Corrin's abnormal. He's a sheltered prince despite the Nohrian siblings routinely going on missions. He fights with moves that aren't necessarily powerful like his older brothers and sisters, but they're so wild and unpredictable, that he's a very talented fighter in his own right. He's able to take a dragon form, but the initial reaction from Hans and the Hoshido siblings are that he's a freak from the former, and utter shock and surprise from the latter. He routinely gives others the benefit of the doubt, and has an infinite well of trust and kindness, provided you don't take advantage of it.
And his abnormality is important, because it challenges the norm of Fates' setting. Why is he kind to strangers, including enemies? Why does he see the good in everyone? Why is he averse to taking lives like his duty demands? Why doesn't he just learn how the world works?

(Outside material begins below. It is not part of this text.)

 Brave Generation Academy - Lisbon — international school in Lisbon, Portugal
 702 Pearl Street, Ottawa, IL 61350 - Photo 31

Corrin challenges Ryoma's views on what being a leader is and what they should accomplish and challenges Xander's views on justice and to work against the unacceptable no matter how painful it is. He doesn't lay down and accept that animosity and hatred between Hoshido and Nohr is the way of things and won't ever change. He never falls into a neat box of black or white.

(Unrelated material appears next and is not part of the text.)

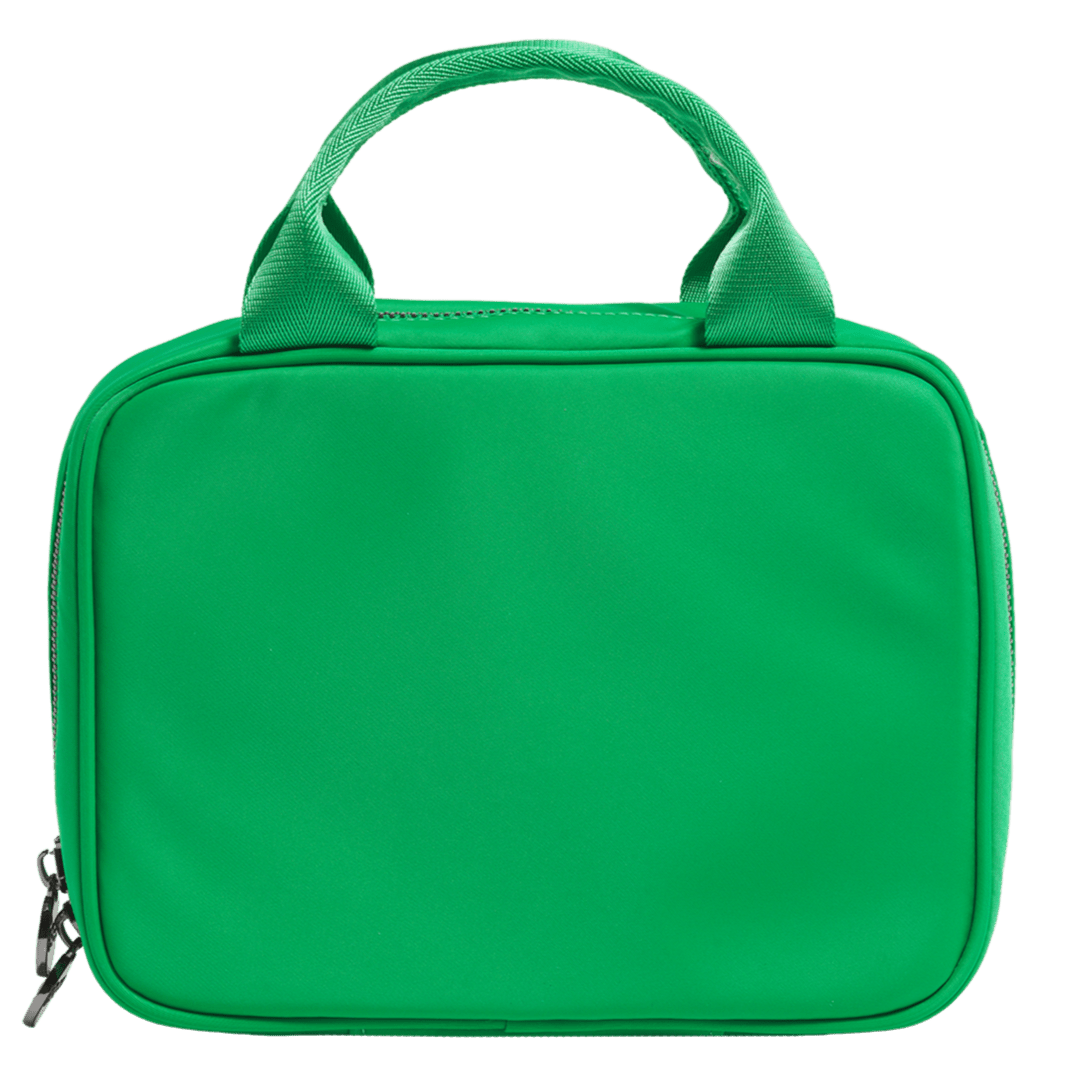 Lunch Tote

Corrin challenges the status quo of the Fates world by being himself, and having the resilience to keep being himself no matter what threatens him. He falters when he begins believing the doubts and poisoned words of his enemies, and flourishes when his loved ones support his personhood and character to the fullest. He gets proven right at the end of all three routes, that you don't have to just embody what Nohr and Hoshido or even your family wants from you; just remain authentically yourself and refuse to back down, and others will start to respect your resolve and put their faith and trust in your actions.
I just think that's dope!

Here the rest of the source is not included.